━━━ Data for review ━━━

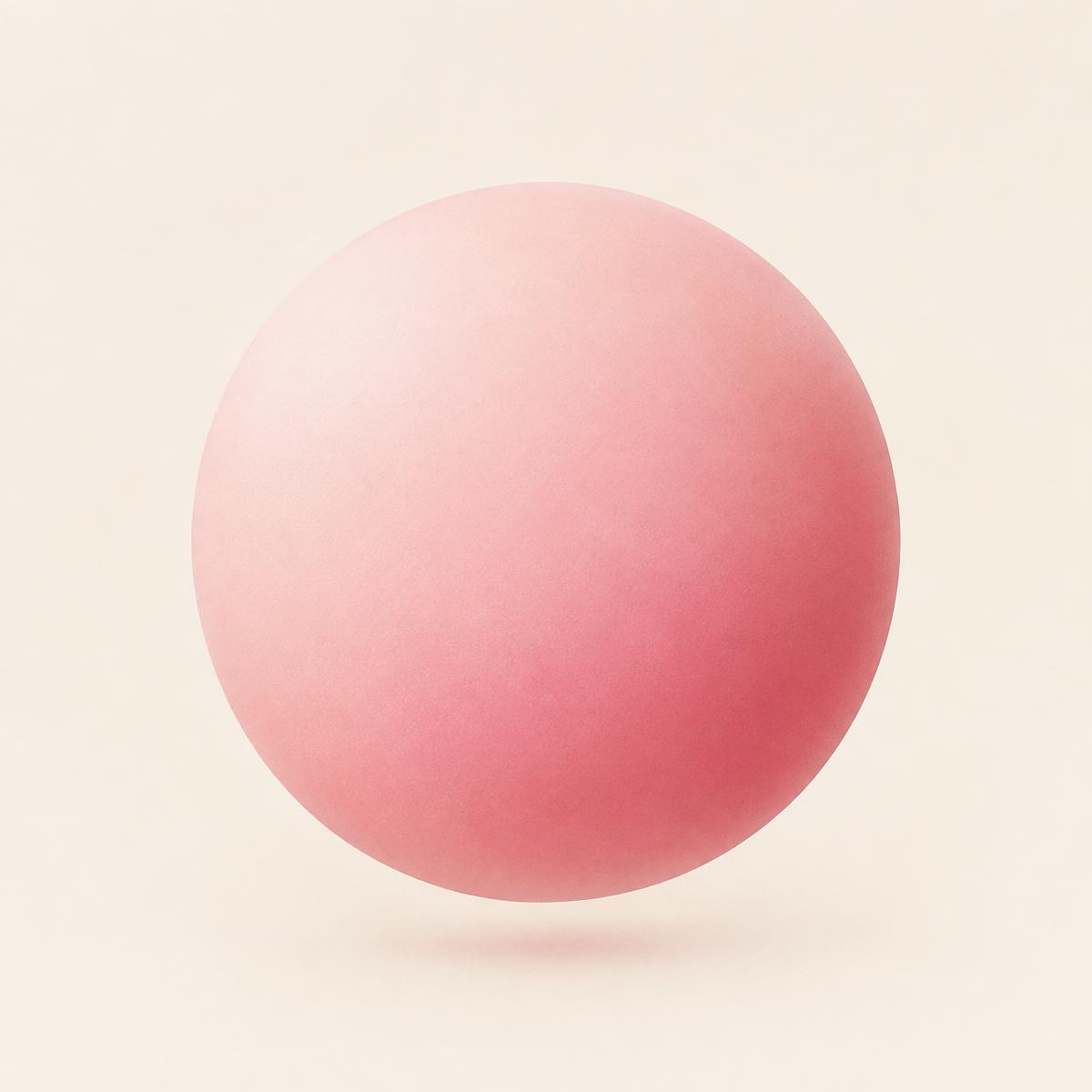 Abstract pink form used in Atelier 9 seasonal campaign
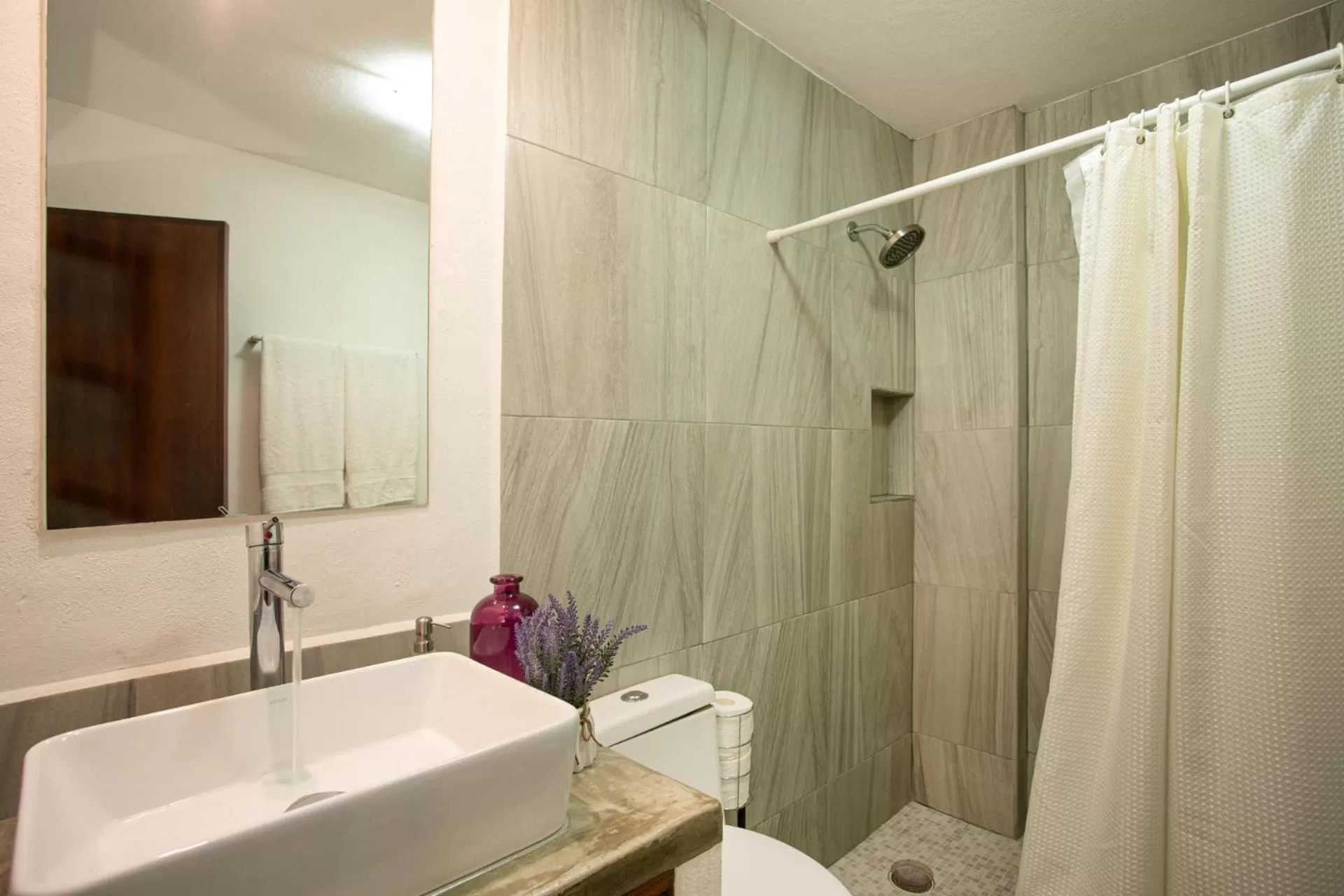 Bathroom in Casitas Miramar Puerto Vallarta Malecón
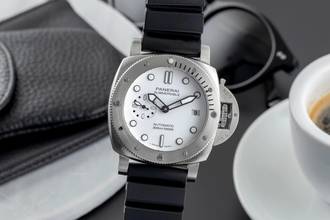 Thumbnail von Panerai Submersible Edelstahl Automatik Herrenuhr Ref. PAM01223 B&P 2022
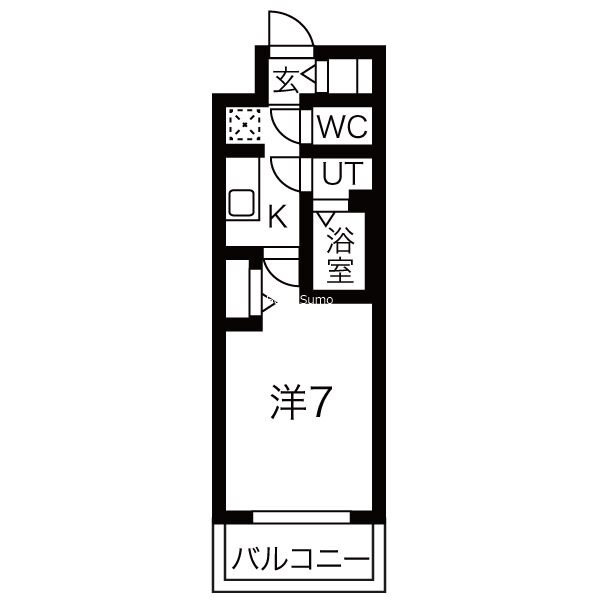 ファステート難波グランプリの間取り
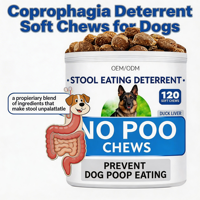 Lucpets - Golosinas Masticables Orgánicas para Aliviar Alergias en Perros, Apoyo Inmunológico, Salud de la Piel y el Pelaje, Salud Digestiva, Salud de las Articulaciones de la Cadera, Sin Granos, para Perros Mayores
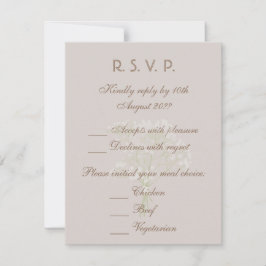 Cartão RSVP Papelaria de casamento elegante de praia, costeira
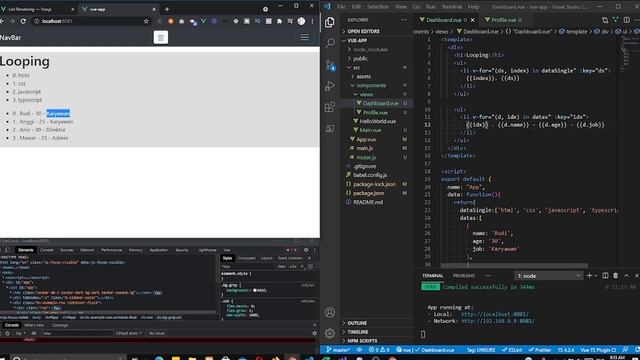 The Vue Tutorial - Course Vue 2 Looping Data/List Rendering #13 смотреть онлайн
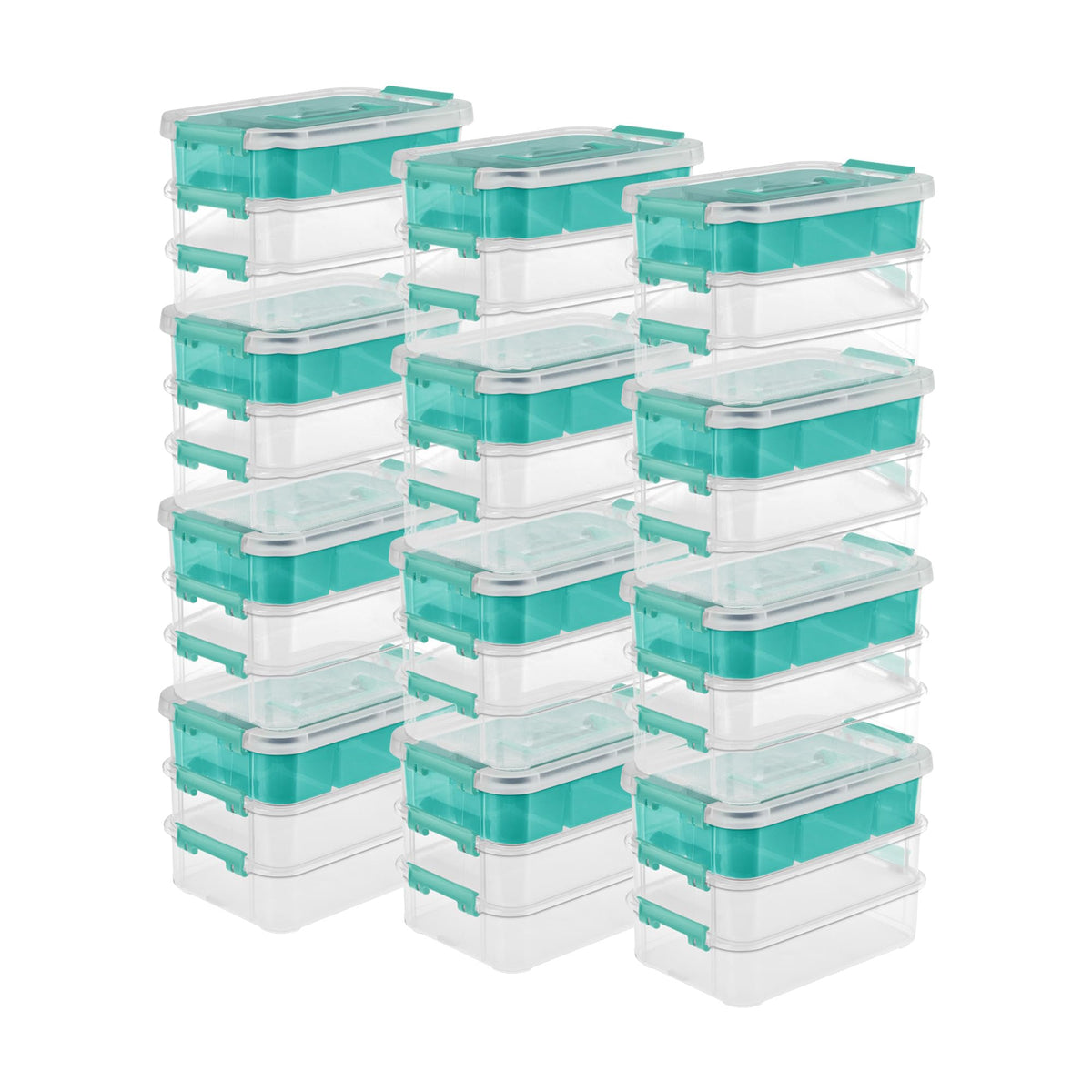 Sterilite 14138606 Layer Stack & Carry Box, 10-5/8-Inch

━━━

A verbatim copy of the data, pictures removed, is the expected result.

◆ Answer to the exercise ◆
 Abstract pink form used in Atelier 9 seasonal campaign
 Bathroom in Casitas Miramar Puerto Vallarta Malecón
 Thumbnail von Panerai Submersible Edelstahl Automatik Herrenuhr Ref. PAM01223 B&P 2022
 ファステート難波グランプリの間取り
 Lucpets - Golosinas Masticables Orgánicas para Aliviar Alergias en Perros, Apoyo Inmunológico, Salud de la Piel y el Pelaje, Salud Digestiva, Salud de las Articulaciones de la Cadera, Sin Granos, para Perros Mayores
 Cartão RSVP Papelaria de casamento elegante de praia, costeira
 The Vue Tutorial - Course Vue 2 Looping Data/List Rendering #13 смотреть онлайн
 Sterilite 14138606 Layer Stack & Carry Box, 10-5/8-Inch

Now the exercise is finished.